Thanks for your great work!

I noticed that the git repository doesn't seem to include the implementation of the trajectory-level reward calculation mentioned in Equation (11). According to the code in fsdp_workers.py, only the reward from the first step is selected to represent the overall reward score. Is this the intended implementation? Could you please clarify how the trajectory-level reward is computed in practice?

def make_step_rewards(logits, token_masks):
probabilities = torch.nn.functional.softmax(logits, dim=-1)
probabilities = probabilities * token_masks.unsqueeze(-1)
all_scores_res = []
for i in range(probabilities.size(0)):
sample = probabilities[i]
positive_probs = sample[sample != 0].view(-1, 2)[:, 1]
non_zero_elements_list = positive_probs.cpu().tolist()

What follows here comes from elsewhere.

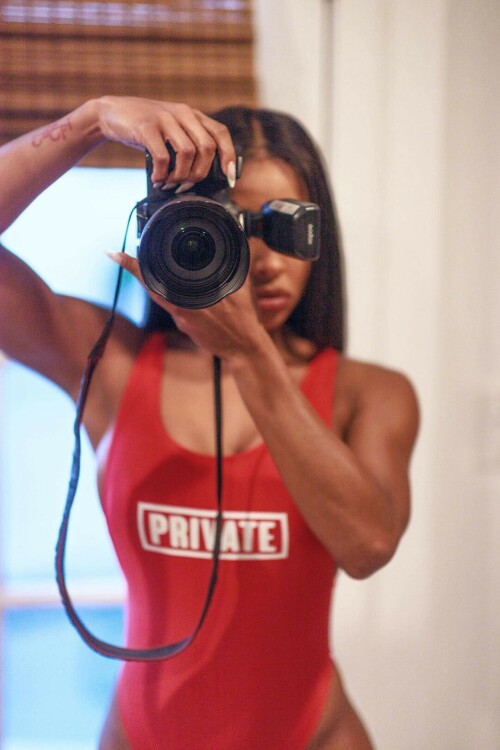 F9PYYrwaEAAPPOR82f6259896ec11bb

all_scores_res.append(non_zero_elements_list)
return all_scores_res
step_sep_id = self.tokenizer.encode("<extra_0>")[0]
token_masks = (micro_batch['input_ids'] == step_sep_id)
step_reward = make_step_rewards(rm_score[0], token_masks)
# output.append(rm_score)
output.append(step_reward[0][0])
BETA = 0.75
scores = torch.tensor([BETA * o1 + (1-BETA) * o2 for (o1,o2) in zip(output,rulebased_res)])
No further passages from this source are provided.